I find this whole debate fascinating. I really dont see where ethics come into the picture, though I see where questions arise around integrity, influence, design, and truth.

To supplement examples of design issues in social media, for example, take Dave's: increase contributions. From my perspective this has little to do with what's on the screen (not including content -- selection of content and what is shown/not is key). It has more to do with the social dynamics, culture, community, and other matters of social practice.

Why are contributors contributing? Perhaps because they have a sense of the common good, and as motivates many wikipedians, they want to maintain accuracy and breadth of open-sourced knowledge. Or perhaps they're "contributing" to twitter because they've got an enormous ego and no sense of self restraint.

Clearly the term "contribute" loses its meaning very quickly when we get into social media, as nearly everything said or submitted is a contribution: social bookmarking, retweeting, blogging, commenting...

How does one "design" the social -- that's what interests me, and in particular, what kinds of social interactions, individual, interpersonal, social, and public, can be codified? What concepts do we need if we're to go from explaining a single user interaction on social media to the social dynamics of two or more users? Clearly the interactions are users with users, not users with software -- but we cant just use real world social interactions as our models. Mediation strips away face, body, and affect; it removes synchrony of time. etc etc.. there's plenty more...

So the question of influence is a very good one. It's probably not an ethical one, because "we" don't control the user, his/her perceptions, interests, choices, motives, or his/her experience. Personally I think "framing" may be a viable way to approach the issue of designing the social, as it shifts emphasis from "design" to "perspective", and in social interaction design it's mostly about shaping these nuanced social meanings and negotiations, not functions (as with so much product design or interface design -- and that's not to denigrate style, etc).

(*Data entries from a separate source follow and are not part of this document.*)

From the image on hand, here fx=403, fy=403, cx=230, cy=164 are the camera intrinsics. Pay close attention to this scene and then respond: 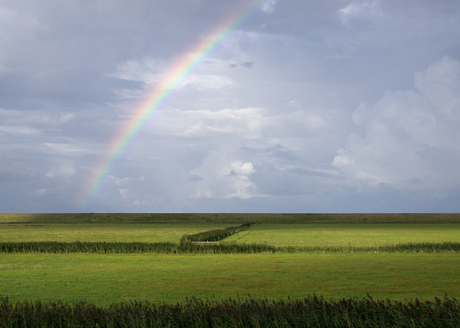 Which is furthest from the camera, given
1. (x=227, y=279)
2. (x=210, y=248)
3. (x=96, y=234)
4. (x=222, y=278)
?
(x=96, y=234)

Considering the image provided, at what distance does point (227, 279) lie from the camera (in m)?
20.5

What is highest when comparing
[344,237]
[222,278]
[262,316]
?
[262,316]

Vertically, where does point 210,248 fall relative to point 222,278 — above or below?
below

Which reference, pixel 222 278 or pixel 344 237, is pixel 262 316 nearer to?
pixel 222 278

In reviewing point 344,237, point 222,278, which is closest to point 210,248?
point 222,278

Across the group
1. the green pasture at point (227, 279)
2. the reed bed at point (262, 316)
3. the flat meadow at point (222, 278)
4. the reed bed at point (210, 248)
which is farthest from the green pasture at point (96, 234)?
the reed bed at point (262, 316)

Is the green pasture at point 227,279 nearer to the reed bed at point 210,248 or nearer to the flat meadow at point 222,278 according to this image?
the flat meadow at point 222,278

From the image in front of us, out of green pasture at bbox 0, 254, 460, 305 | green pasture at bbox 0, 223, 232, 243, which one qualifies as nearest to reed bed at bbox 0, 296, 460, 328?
green pasture at bbox 0, 254, 460, 305

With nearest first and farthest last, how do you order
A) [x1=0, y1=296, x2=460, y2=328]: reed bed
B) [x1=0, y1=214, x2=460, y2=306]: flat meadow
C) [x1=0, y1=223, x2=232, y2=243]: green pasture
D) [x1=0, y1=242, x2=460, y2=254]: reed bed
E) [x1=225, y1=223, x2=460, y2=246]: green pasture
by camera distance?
[x1=0, y1=296, x2=460, y2=328]: reed bed → [x1=0, y1=214, x2=460, y2=306]: flat meadow → [x1=0, y1=242, x2=460, y2=254]: reed bed → [x1=225, y1=223, x2=460, y2=246]: green pasture → [x1=0, y1=223, x2=232, y2=243]: green pasture

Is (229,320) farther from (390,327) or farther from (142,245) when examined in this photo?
(142,245)

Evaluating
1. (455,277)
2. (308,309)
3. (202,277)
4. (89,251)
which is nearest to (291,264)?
(202,277)

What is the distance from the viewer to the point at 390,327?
9.98 m

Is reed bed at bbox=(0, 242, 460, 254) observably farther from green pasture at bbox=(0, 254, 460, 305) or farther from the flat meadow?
green pasture at bbox=(0, 254, 460, 305)

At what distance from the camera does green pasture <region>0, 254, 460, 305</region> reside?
55.4 ft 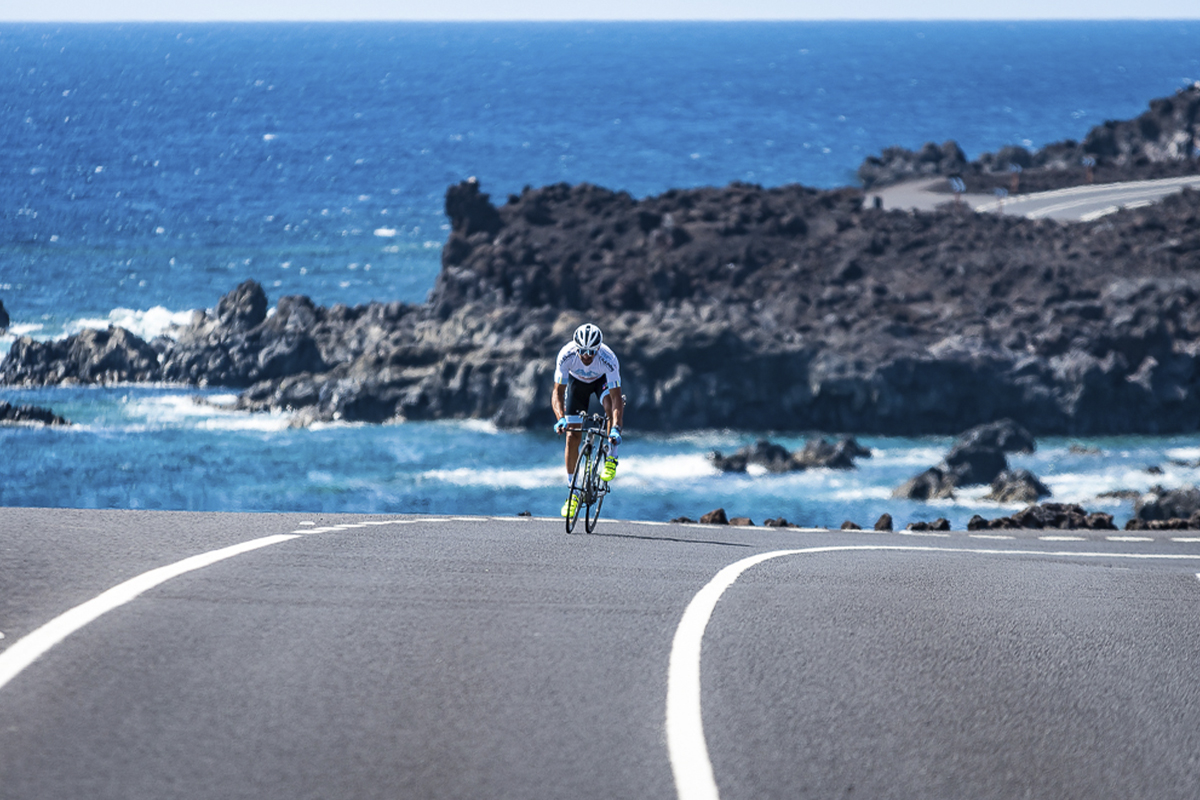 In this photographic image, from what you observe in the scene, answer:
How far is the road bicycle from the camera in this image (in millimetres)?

The matter does seem v interesting if the question is explored not in terms of our responsibilities as designers but in terms of the user experience: what kinds of users choose to retweet an influencer? what kinds of social incentives work with non-competitive users? are there ways to reduce the bias or distortion that leaderboards often produce? would there be a way to grow a service like twitter without it turning into a popularity contest for so many users? what social incentives do experts respond to, and could a system be designed to appeal to experts without attracting promoters?

as the motivation is often the other person, the matter of influencing the user does get interesting... are there ethics involved if a dating site is designed to keep users hopeful, voyeuristically engaged, addicted to checking for new flirts and message, and highly unlikely to get a real date? dunno, that's the business of dating sites, none of which would survive if they did what the claim to do.

we need to bear in mind that most social media, and perhaps a great deal of software in general, operate in failure mode much of the time. twitter is not conversational. followers are not friends. facebook is not social. many modern social systems are but a disaster waiting to happen. so how do we talk about influence and incentives if in fact much user activity fails to communicate, is ambiguous in its intent, is redundant with contributions elsewhere, goes unresponded to, is out of context... if so much of social media interaction is actually handling of failure, responding to breakdown, bridging misunderstanding, and otherwise social "error handling," then perhaps we ought to learn more about what "functional social media" means before worrying that we have too much influence... and I'll say right now that these errors and failures may in fact be the motor of participation on social media: we're into breakdowns, ambiguities, ambivalence, conflict, and drama.